Activity: Could you write out exactly, and only, the lines from the one containing "Hi everyone, welcome" through the last line of the data, leaving out all pictures?

Given records:
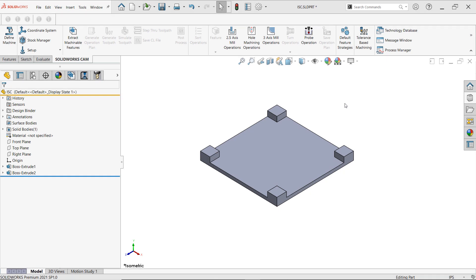Hi, my name is Yunar Hernandez and I'm an application engineer here at Hawkridge Systems. Today we're going to be getting started in SOLIDWORKS CAM. To use it you must be on a subscription service with SOLIDWORKS or you can purchase the license separately.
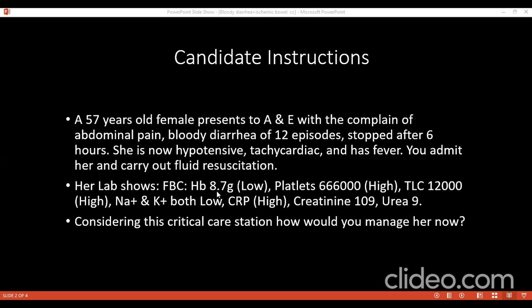Since the patient is already anemic, why would you not choose blood transfusion? The hemoglobin threshold is less than 7; this patient has 8.7, so there is no indication for transfusion. Why does the patient have low potassium? Because the patient has diarrhea — 12 episodes — leading to loss of electrolytes.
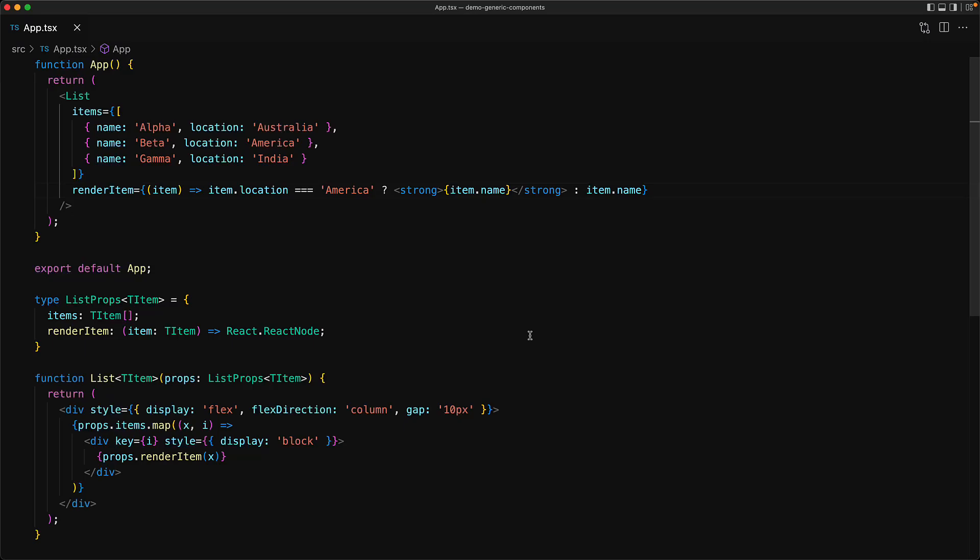Now TypeScript will automatically infer any generic arguments whenever it can. For example, here it's inferred the type of the item to be something that has a property name of type string and location of type string, as that is the type of the members of the items array.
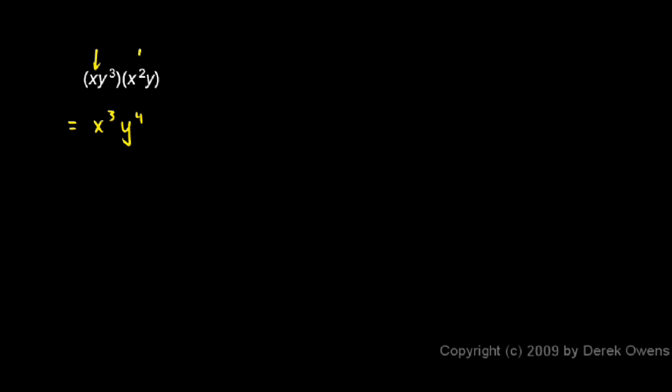I saw the x and the x squared, those multiplied together, give me the x cubed. And I see the y cubed and the y and those multiplied together give me a y to the fourth.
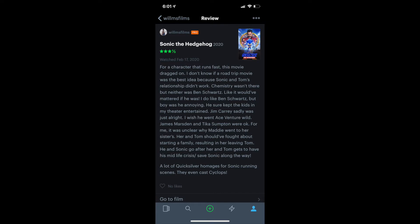James Marsden and Tika Sumpter were okay. For me, it was unclear why Maddie went to his sisters. Her and Tom should have fought about starting a family resulting in her leaving Tom. He and Sonic go after her, and Tom gets to have his midlife crisis while saving Sonic along the way. A lot of Quicksilver homages for Sonic's running scenes. They even cast Cyclops. Three and a half stars.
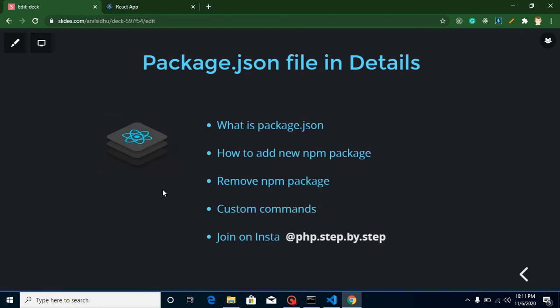Hi everyone, welcome back to my channel. My name is Anil, and in this React.js video tutorial we will learn about package.json. I'm making a separate video for package.json because this is the most important file in any front-end application — it could be React, Angular, or Vue. Every project needs package.json, and in interviews most interviewers ask one or two questions about it.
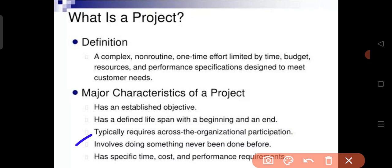A project is a unique, one-time action producing a distinct product or service. For example, when a mobile company builds a new phone, each new model differs in features, design, color, camera, and storage space — just as each new iPhone model differs from the previous one.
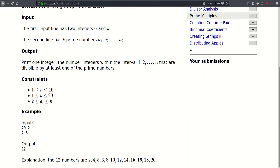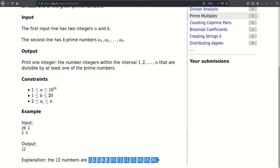The first line of our input contains two integers N and K. N is very large — it can be up to 10 to the 18th — but K is small, only up to 20. This 20 is a hint that we would be using bit masking to go through all possible subsets. Then on the second line we have K prime numbers from 2 to N, and the answer to this input is 12 because there are 12 numbers divisible by 2 or 5 in the range from 1 to 20.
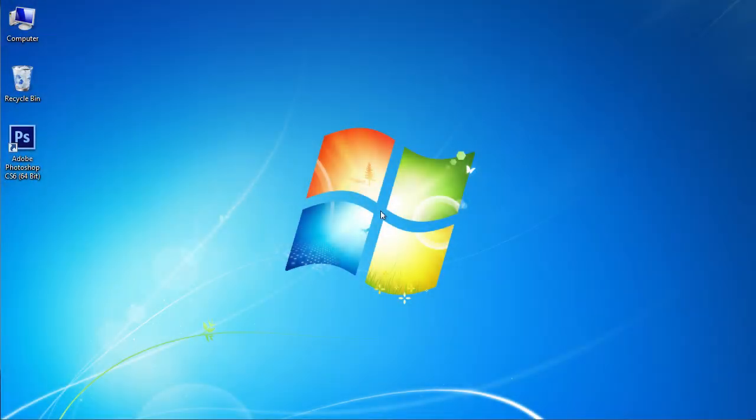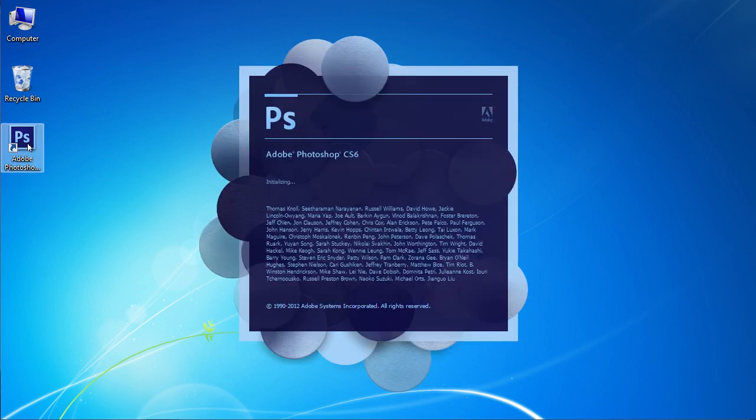In this video tutorial we will show you how to change Photoshop rulers. Launch Adobe Photoshop.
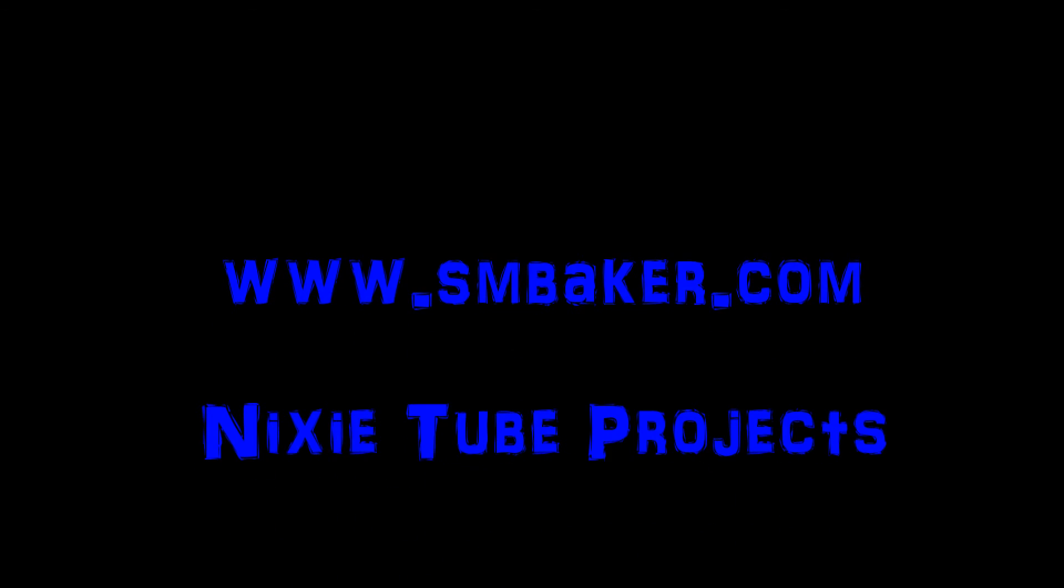Thank you for watching my video. Please visit my website at www.smbaker.com for more electronics projects and sand rail stuff. Bye.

Response below:
Hi everyone, welcome back to my channel. My name is Anil, and in this React.js video tutorial we will learn about package.json. I'm making a separate video for package.json because this is the most important file in any front-end application — it could be React, Angular, or Vue. Every project needs package.json, and in interviews most interviewers ask one or two questions about it.
A project is a unique, one-time action producing a distinct product or service. For example, when a mobile company builds a new phone, each new model differs in features, design, color, camera, and storage space — just as each new iPhone model differs from the previous one.
The first line of our input contains two integers N and K. N is very large — it can be up to 10 to the 18th — but K is small, only up to 20. This 20 is a hint that we would be using bit masking to go through all possible subsets. Then on the second line we have K prime numbers from 2 to N, and the answer to this input is 12 because there are 12 numbers divisible by 2 or 5 in the range from 1 to 20.
In this video tutorial we will show you how to change Photoshop rulers. Launch Adobe Photoshop.
Thank you for watching my video. Please visit my website at www.smbaker.com for more electronics projects and sand rail stuff. Bye.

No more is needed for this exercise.